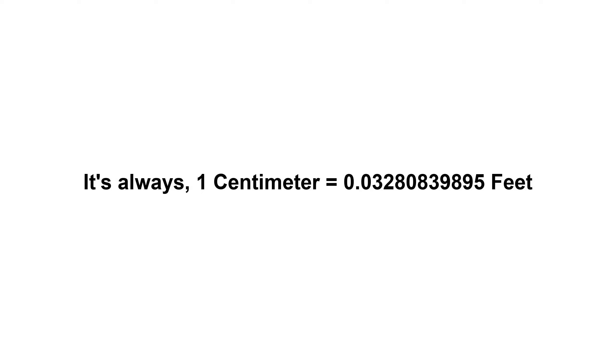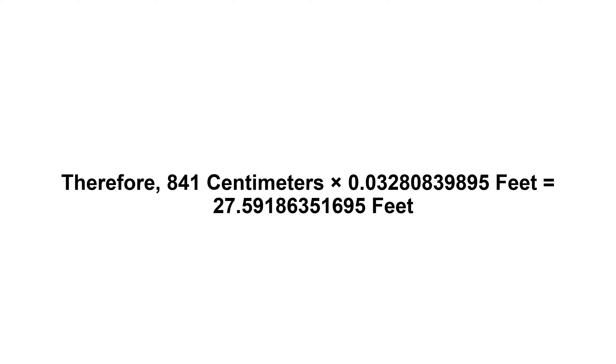It's always 1 centimeter equals 0.03280839895 feet. Now we have to multiply 0.03280839895 by 841. Therefore, 841 centimeters times 0.03280839895 feet equals...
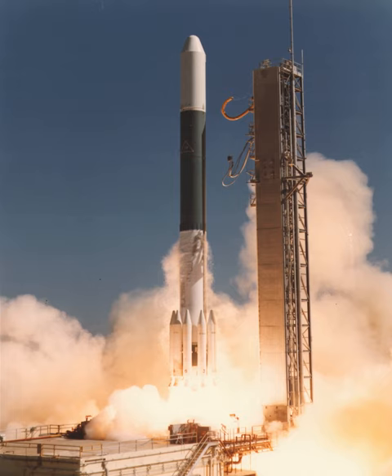Launches which required a three-stage configuration in order to reach higher orbits used the Thiokol Star 37D or 37E upper stage as an apogee kick motor. Delta-2000 launches occurred from Space Launch Complex 2W at Vandenberg AFB and both pads of Launch Complex 17 at Cape Canaveral.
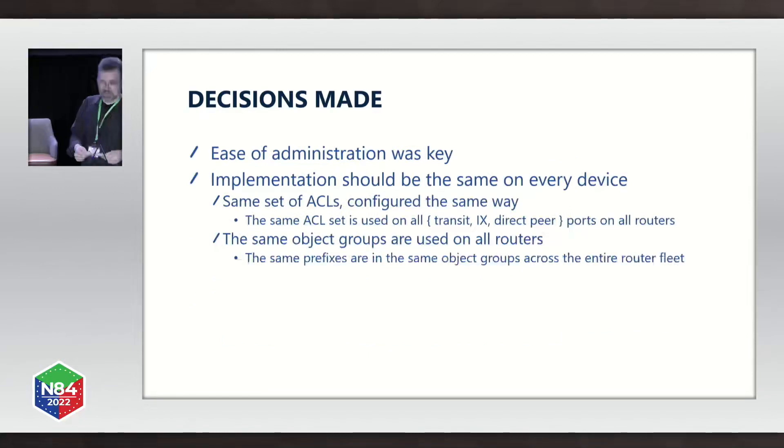For us, being a smaller ISP, ease of administration was key. We said the implementation should be the same on every device — we wanted to implement the same set of ACLs configured the exact same way on all of our edge routers, using the same object groups with exactly the same prefixes on every router. That way we could deploy a change and have it consistently deployed across the entire fleet.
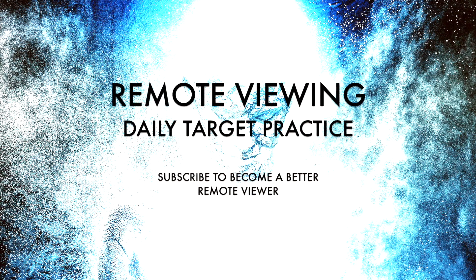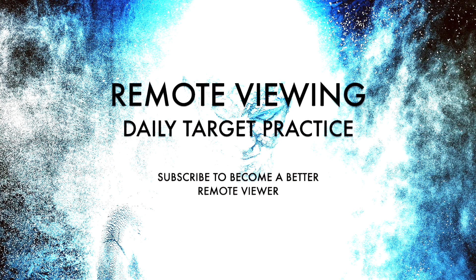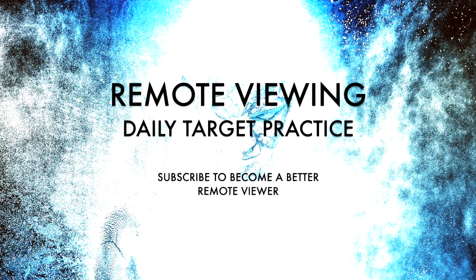Hi everyone! Welcome to your daily remote viewing target practice. In a few moments I will say the target number. When I do, please remember to pause the video until you are ready to see the image.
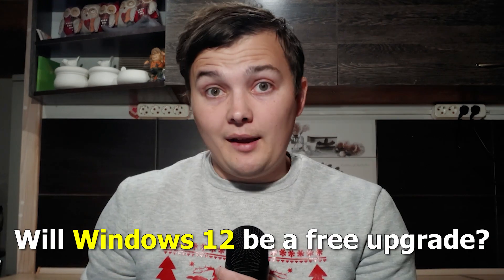Will Windows 12 be a free upgrade? Unfortunately, there is no reliable information about this yet, but with a high probability you will be able to upgrade from Windows 10 and Windows 11 to Windows 12 for free. For this you need to have a Windows license. All Windows 7 and 8 keys will not be valid for activating Windows 10, Windows 11, or Windows 12.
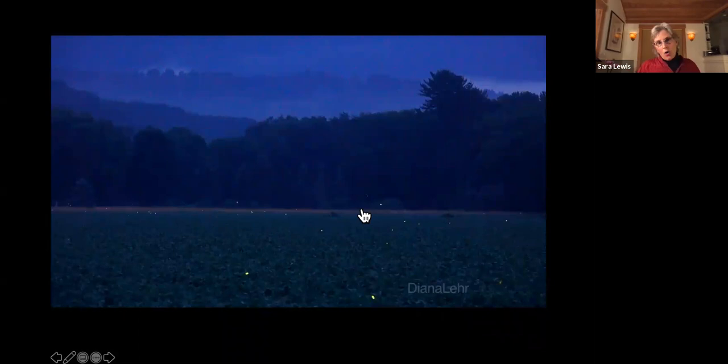The next time you're standing in a field surrounded by fireflies, remember that what you're actually looking at are the silent love songs of mostly male fireflies. I still think it's very romantic.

○ ○ ○ ○

- WHAT YOU HAVE TO DO: The stretch to restate runs from the line above containing "Launches which required" through the line containing "Will Windows 12". Copy it word for word, ends included, without pictures.

- SOLVED PROBLEM:
Launches which required a three-stage configuration in order to reach higher orbits used the Thiokol Star 37D or 37E upper stage as an apogee kick motor. Delta-2000 launches occurred from Space Launch Complex 2W at Vandenberg AFB and both pads of Launch Complex 17 at Cape Canaveral.
For us, being a smaller ISP, ease of administration was key. We said the implementation should be the same on every device — we wanted to implement the same set of ACLs configured the exact same way on all of our edge routers, using the same object groups with exactly the same prefixes on every router. That way we could deploy a change and have it consistently deployed across the entire fleet.
Hi everyone! Welcome to your daily remote viewing target practice. In a few moments I will say the target number. When I do, please remember to pause the video until you are ready to see the image.
Will Windows 12 be a free upgrade? Unfortunately, there is no reliable information about this yet, but with a high probability you will be able to upgrade from Windows 10 and Windows 11 to Windows 12 for free. For this you need to have a Windows license. All Windows 7 and 8 keys will not be valid for activating Windows 10, Windows 11, or Windows 12.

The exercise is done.